══ SOURCE INFORMATION
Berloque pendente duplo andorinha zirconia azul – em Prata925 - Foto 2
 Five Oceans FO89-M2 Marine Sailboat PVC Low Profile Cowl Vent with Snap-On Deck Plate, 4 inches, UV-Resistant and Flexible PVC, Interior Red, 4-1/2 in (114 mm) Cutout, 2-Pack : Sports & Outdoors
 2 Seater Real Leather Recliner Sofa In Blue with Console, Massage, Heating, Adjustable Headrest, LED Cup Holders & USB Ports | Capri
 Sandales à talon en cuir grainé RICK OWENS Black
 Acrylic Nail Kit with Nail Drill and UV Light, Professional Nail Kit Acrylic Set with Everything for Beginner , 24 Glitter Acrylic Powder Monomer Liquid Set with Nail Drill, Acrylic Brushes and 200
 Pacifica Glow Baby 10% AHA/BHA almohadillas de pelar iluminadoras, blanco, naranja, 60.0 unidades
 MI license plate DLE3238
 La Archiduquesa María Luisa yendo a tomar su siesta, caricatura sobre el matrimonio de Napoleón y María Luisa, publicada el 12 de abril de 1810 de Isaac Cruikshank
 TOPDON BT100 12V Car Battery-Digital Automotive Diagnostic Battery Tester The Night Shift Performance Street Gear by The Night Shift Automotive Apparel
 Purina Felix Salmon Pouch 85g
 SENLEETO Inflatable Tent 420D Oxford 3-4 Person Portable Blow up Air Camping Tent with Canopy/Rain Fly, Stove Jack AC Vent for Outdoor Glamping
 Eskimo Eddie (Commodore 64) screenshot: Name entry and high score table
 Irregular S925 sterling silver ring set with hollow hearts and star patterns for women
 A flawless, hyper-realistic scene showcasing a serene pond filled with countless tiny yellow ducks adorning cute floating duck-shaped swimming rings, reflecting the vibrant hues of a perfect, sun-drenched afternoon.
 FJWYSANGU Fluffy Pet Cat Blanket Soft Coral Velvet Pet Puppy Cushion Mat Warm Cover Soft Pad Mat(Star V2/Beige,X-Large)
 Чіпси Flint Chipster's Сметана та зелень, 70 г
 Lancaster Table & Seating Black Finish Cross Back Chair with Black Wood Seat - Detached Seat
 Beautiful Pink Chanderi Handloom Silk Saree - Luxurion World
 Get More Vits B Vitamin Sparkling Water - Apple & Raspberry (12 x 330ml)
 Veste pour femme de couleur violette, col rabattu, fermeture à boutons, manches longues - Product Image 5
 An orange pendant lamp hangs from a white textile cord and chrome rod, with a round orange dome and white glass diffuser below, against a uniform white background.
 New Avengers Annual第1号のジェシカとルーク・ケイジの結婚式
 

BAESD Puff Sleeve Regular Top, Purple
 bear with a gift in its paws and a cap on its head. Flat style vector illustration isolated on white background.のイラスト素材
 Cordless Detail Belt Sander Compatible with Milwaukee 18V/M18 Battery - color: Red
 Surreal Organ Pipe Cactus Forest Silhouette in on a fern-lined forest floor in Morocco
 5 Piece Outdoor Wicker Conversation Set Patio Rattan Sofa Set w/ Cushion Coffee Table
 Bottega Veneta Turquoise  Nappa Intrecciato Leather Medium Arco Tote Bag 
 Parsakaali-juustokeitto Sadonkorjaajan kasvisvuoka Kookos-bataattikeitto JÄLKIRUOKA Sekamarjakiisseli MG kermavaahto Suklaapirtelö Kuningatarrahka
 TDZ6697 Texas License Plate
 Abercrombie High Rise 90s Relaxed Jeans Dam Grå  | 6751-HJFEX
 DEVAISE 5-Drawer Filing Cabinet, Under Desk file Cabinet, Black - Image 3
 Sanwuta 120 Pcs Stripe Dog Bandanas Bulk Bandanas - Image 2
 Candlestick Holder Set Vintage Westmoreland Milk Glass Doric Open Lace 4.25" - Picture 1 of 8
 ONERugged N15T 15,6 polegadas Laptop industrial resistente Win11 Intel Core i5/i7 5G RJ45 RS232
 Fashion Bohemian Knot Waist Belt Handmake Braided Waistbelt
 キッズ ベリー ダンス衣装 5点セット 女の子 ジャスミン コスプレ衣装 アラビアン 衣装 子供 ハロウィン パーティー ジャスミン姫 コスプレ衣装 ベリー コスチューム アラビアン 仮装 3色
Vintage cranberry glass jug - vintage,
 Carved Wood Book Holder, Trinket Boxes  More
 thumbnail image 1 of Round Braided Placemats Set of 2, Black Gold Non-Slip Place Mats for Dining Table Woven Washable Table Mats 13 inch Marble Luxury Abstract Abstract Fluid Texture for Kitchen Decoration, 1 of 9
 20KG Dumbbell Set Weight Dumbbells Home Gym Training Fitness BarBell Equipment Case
════
With the line containing "Sanwuta 120 Pcs" as the first and the final line of the entries above as the last, write out that span exactly and nothing more.

 Sanwuta 120 Pcs Stripe Dog Bandanas Bulk Bandanas - Image 2
 Candlestick Holder Set Vintage Westmoreland Milk Glass Doric Open Lace 4.25" - Picture 1 of 8
 ONERugged N15T 15,6 polegadas Laptop industrial resistente Win11 Intel Core i5/i7 5G RJ45 RS232
 Fashion Bohemian Knot Waist Belt Handmake Braided Waistbelt
 キッズ ベリー ダンス衣装 5点セット 女の子 ジャスミン コスプレ衣装 アラビアン 衣装 子供 ハロウィン パーティー ジャスミン姫 コスプレ衣装 ベリー コスチューム アラビアン 仮装 3色
Vintage cranberry glass jug - vintage,
 Carved Wood Book Holder, Trinket Boxes  More
 thumbnail image 1 of Round Braided Placemats Set of 2, Black Gold Non-Slip Place Mats for Dining Table Woven Washable Table Mats 13 inch Marble Luxury Abstract Abstract Fluid Texture for Kitchen Decoration, 1 of 9
 20KG Dumbbell Set Weight Dumbbells Home Gym Training Fitness BarBell Equipment Case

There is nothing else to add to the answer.